Ayer no diré que sufrí lo mismo pero la de calcetinitos cortos y pan con chocolate para merendar lo sintió como entonces. Sintió que era injusto perder a alguien tan valioso y tan poco reconocido. En otros lugares, los payasos de la tele tendrían su calle, su estatua y hasta su premio al mérito vital.
Hay premios al mérito militar, al trabajo o al heroísmo civil para quienes salvan a otros de grandes catástrofes. Lo de Miliki, Gaby y Fofó era mérito vital porque nos salvaron de la tristeza y el miedo.
Por eso tienen el cariño de millones de españoles que han aprendido con ellos a sonreír. No hay galardón que lo iguale porque pocos concitan la unanimidad de tantos, en estos tiempos de discrepancias eternas, como los payasos de la tele.
Ellos cantaban que “había una vez un circo que alegraba siempre el corazón” y realmente respondieron a eso. No tiene precio. Alegrar el corazón es una potestad de dioses. La suya era una capacidad, envidiable hoy, de hacer reír sin meter el dedo en el ojo, sin insultar, sin ofender, sin ridiculizar, sin hacer sangre. Hace mucho que perdimos esa habilidad en España.

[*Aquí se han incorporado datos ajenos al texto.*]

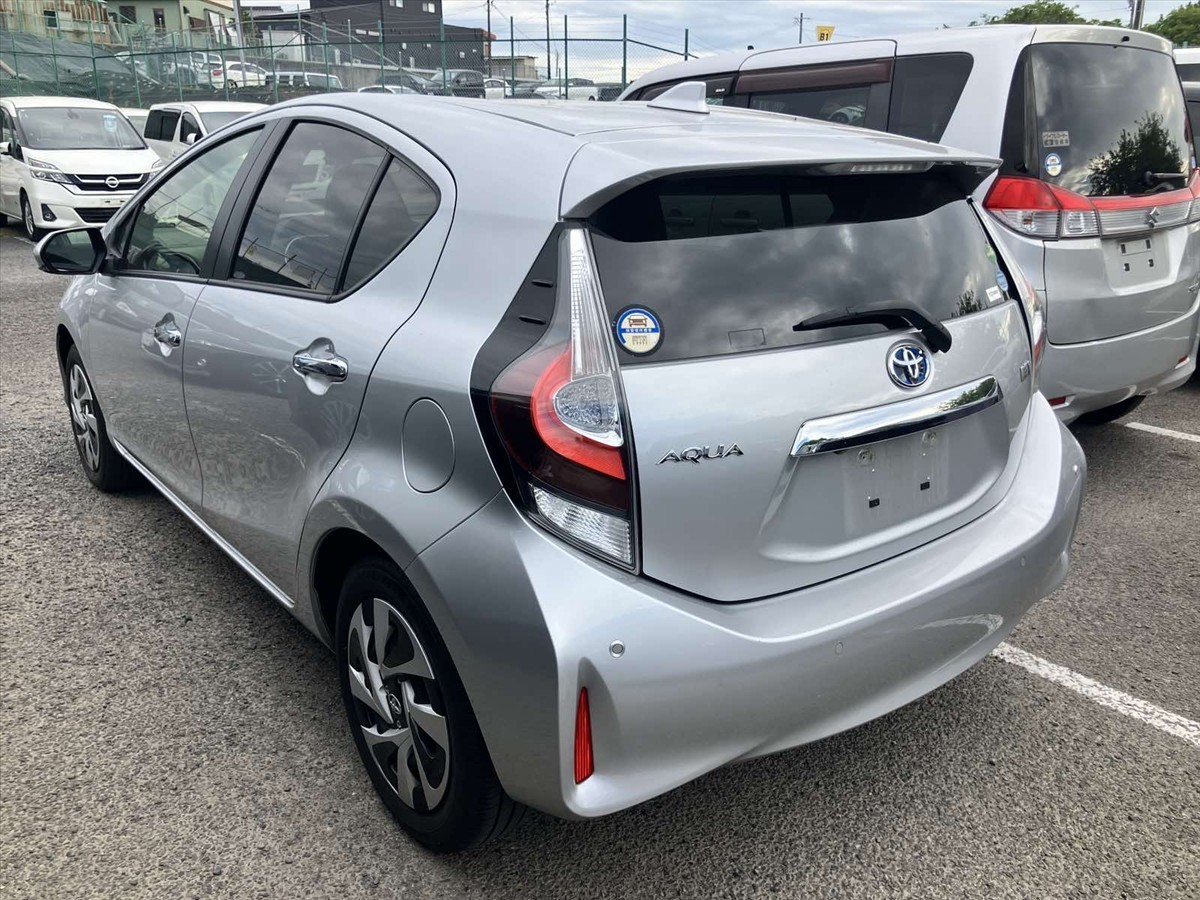 2020 Toyota Aqua thumbnail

En estos últimos años hemos ganado en gravedad y ademán funesto. El suyo era un humor fresco e ingenuo. Poco importaba que fuera en blanco y negro. Hoy tenemos color y 3D pero somos incapaces de reproducir su ilusión. España está en deuda con los Aragón, una familia que ha sabido entretenernos y divertirnos durante décadas. Que ha sabido “alegrar siempre el corazón”.